Works by Mary Nohl at the Art Preserve, 2020

Von Bruenchenhein’s home is re-created to display cabinets of his oven baked clay vases and crowns and his chicken bone miniature chairs. A closet-sized room presents looping projections of the glamorous pin-up girl photographs he took of his wife Marie. Upon exit, a sliding metal storage rack holds row upon row of his apocalyptic paintings, with multiple additional layers looming behind. This abundance is both exhilarating and bittersweet: the protection of the paintings is of course beneficial for preservation but I also longed for them to float messily through collectors’ hands and auction catalogs. Von Bruenchenhein was a fervent maker, unrestrained by his scant income. Like many environment builders, he designed his own kingdom out of scraps. Herein lies the philosophical undercurrent of the Art Preserve: to celebrate ingenuity in the face of adversity by providing a path of radical invention, free of consumer trends. 

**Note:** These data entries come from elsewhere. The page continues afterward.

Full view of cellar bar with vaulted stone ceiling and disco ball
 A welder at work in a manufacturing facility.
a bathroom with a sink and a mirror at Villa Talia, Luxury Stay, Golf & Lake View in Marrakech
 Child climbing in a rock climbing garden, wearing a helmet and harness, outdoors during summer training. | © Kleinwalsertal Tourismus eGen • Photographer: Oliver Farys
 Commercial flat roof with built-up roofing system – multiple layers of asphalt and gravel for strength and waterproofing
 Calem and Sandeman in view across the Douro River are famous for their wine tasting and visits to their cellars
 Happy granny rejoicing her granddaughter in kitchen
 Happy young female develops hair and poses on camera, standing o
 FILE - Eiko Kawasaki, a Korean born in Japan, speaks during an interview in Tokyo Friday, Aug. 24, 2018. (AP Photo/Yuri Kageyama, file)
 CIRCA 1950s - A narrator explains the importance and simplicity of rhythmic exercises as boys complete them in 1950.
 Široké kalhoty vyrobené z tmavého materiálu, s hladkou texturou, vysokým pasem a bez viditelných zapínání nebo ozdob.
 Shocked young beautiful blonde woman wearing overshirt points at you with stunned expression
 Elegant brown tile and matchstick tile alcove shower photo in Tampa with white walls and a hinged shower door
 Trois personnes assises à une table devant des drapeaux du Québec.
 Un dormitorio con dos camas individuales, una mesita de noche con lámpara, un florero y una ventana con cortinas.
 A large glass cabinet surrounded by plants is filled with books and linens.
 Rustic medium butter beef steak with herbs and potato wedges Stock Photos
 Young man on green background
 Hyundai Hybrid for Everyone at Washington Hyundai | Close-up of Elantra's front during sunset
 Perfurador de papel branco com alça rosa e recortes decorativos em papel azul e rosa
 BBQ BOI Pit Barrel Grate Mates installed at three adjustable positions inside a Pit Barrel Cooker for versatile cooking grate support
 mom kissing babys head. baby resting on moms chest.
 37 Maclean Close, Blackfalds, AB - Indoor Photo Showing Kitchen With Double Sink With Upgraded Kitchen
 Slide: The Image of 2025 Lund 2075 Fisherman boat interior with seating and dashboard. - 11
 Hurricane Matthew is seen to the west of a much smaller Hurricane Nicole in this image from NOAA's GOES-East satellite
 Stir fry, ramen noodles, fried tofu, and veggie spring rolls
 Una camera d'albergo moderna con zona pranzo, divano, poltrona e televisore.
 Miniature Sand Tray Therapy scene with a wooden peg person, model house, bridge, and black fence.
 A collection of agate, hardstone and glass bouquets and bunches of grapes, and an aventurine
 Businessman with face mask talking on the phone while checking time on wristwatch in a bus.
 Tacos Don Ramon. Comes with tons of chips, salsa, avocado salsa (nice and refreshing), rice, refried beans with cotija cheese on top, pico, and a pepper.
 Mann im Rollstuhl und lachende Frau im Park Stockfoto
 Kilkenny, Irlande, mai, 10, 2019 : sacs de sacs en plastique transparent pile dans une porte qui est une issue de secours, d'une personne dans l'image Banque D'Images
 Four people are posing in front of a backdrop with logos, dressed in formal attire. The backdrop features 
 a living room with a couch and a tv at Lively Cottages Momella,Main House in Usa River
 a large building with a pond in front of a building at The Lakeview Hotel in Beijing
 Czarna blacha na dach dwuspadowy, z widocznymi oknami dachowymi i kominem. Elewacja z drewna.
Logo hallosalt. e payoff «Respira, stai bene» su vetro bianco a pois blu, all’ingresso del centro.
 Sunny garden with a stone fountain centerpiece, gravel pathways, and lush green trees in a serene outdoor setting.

Re-creating rooms that suggest the original environments is one strategy, but just as often the Art Preserve adheres to more conventional display methods. This shift in rhythm ensures that the Preserve never recalls a theme-park. It keeps the visitor alert for what lies around corners or under a stairwell such as the glorious weirdness of Annie Hooper’s Biblical dolls that crouch in a shadowy mass. There are 2,000 of them stored here. The second floor expands the definition of ‘“art environment” to the self-styled apartment of trained artist Stella Waitzkin (1920–2003) who cast her books and other household objects in polyester resin, living luxe in her own wax museum at the Chelsea Hotel in New York. Nearby we walk through the influential Chicago based artist and professor Ray Yoshida’s (1930–2009) home collection, gathered from decades of flea market finds. In a corner near the windows are storage racks lined with Jesse Howard’s (1895–1983) hand painted, religious and political signs. This jangling visual chorus made me long to have visited his 20-acre property in Fulton, Missouri, or wish it still survived. 

Installation view of works by Stella Waitzkin at the Art Preserve, 2021

The third and top floor of the Preserve presents Emery Blagdon’s Healing Machine, which originated in the 1950s in a Nebraska shed. A dimly lit, barn-wood room shelters this tinkerer’s densely hung delicate metal, tin foil, wire, mobile-like objects (which were meant to heal through their magnetic fields). By now a tired visitor, you might think there could be no more sensory splendor. Then, a sprawling parade of 150 concrete, glass and pottery shard men, women and bird sculptures by Nek Chand (1924–2015) meets an army of 200 concrete enslaved individuals, Vietnam vets, lovers, singers, and activists by Dr. Charles Smith (b. 1940) in a crescendo of worlds meeting worlds. Caboom! And so it goes that this type of artwork that has been historically devalued, misunderstood, or just ignored now has a home.

The Art Preserve of the John Michael Kohler Arts Center (3636 Lower Falls Road, Sheboygan, WI) will open to the public on June 26.